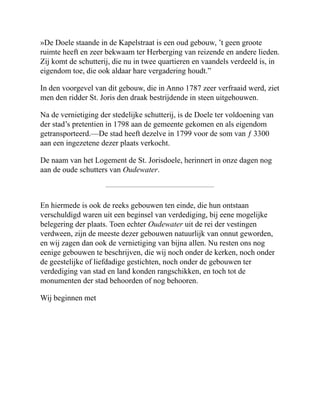 »De Doele staande in de Kapelstraat is een oud gebouw, ’t geen groote
ruimte heeft en zeer bekwaam ter Herberging van reizende en andere lieden.
Zij komt de schutterij, die nu in twee quartieren en vaandels verdeeld is, in
eigendom toe, die ook aldaar hare vergadering houdt.”
In den voorgevel van dit gebouw, die in Anno 1787 zeer verfraaid werd, ziet
men den ridder St. Joris den draak bestrijdende in steen uitgehouwen.
Na de vernietiging der stedelijke schutterij, is de Doele ter voldoening van
der stad’s pretentien in 1798 aan de gemeente gekomen en als eigendom
getransporteerd.—De stad heeft dezelve in 1799 voor de som van ƒ 3300
aan een ingezetene dezer plaats verkocht.
De naam van het Logement de St. Jorisdoele, herinnert in onze dagen nog
aan de oude schutters van Oudewater.
En hiermede is ook de reeks gebouwen ten einde, die hun ontstaan
verschuldigd waren uit een beginsel van verdediging, bij eene mogelijke
belegering der plaats. Toen echter Oudewater uit de rei der vestingen
verdween, zijn de meeste dezer gebouwen natuurlijk van onnut geworden,
en wij zagen dan ook de vernietiging van bijna allen. Nu resten ons nog
eenige gebouwen te beschrijven, die wij noch onder de kerken, noch onder
de geestelijke of liefdadige gestichten, noch onder de gebouwen ter
verdediging van stad en land konden rangschikken, en toch tot de
monumenten der stad behoorden of nog behooren.
Wij beginnen met
 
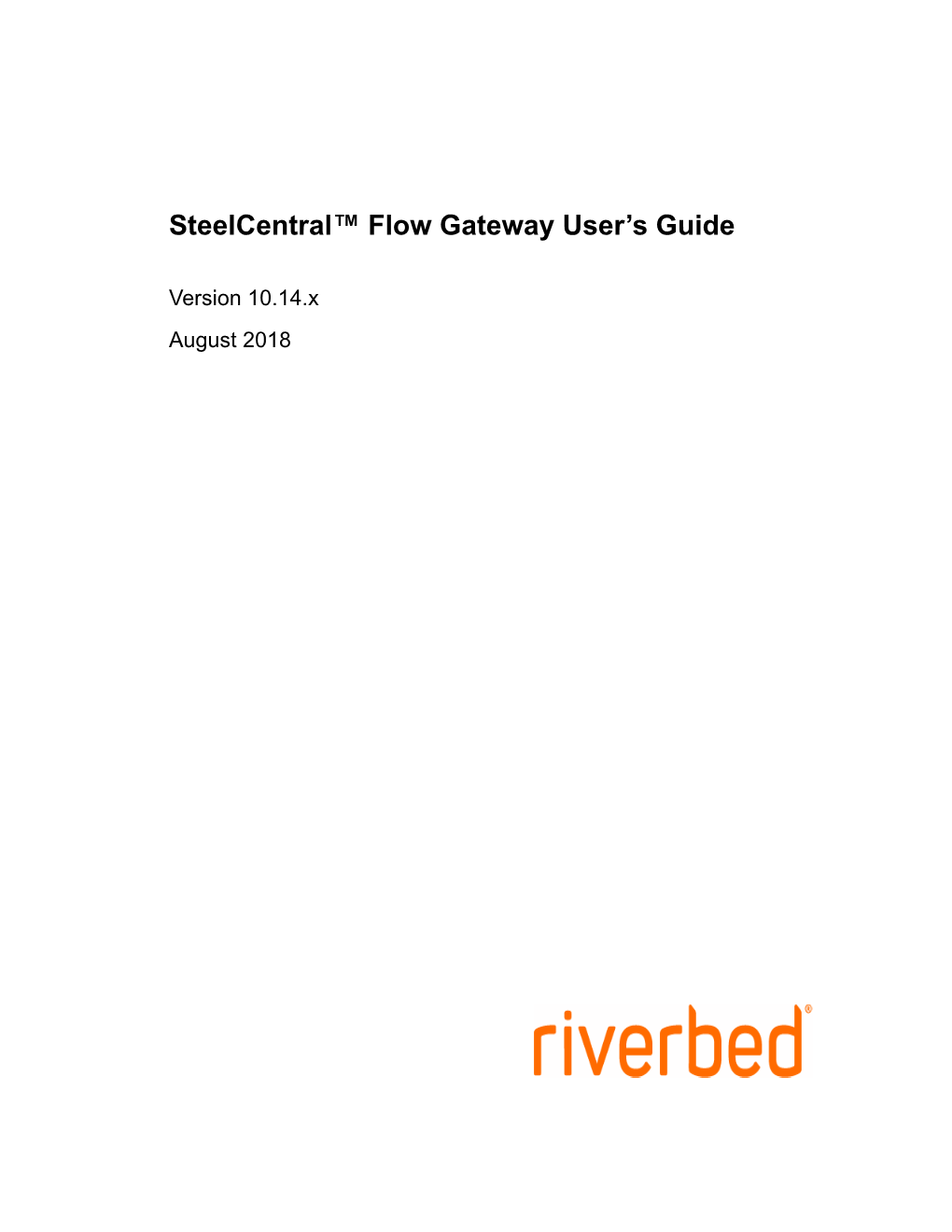 Steelcentral Flow Gateway User's Guide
■ ■ ■ ■ ■ ■ ■
#### [Description of the task]
Of the records above, copy each line that includes "noch".

#### [Task result]
eenige gebouwen te beschrijven, die wij noch onder de kerken, noch onder
de geestelijke of liefdadige gestichten, noch onder de gebouwen ter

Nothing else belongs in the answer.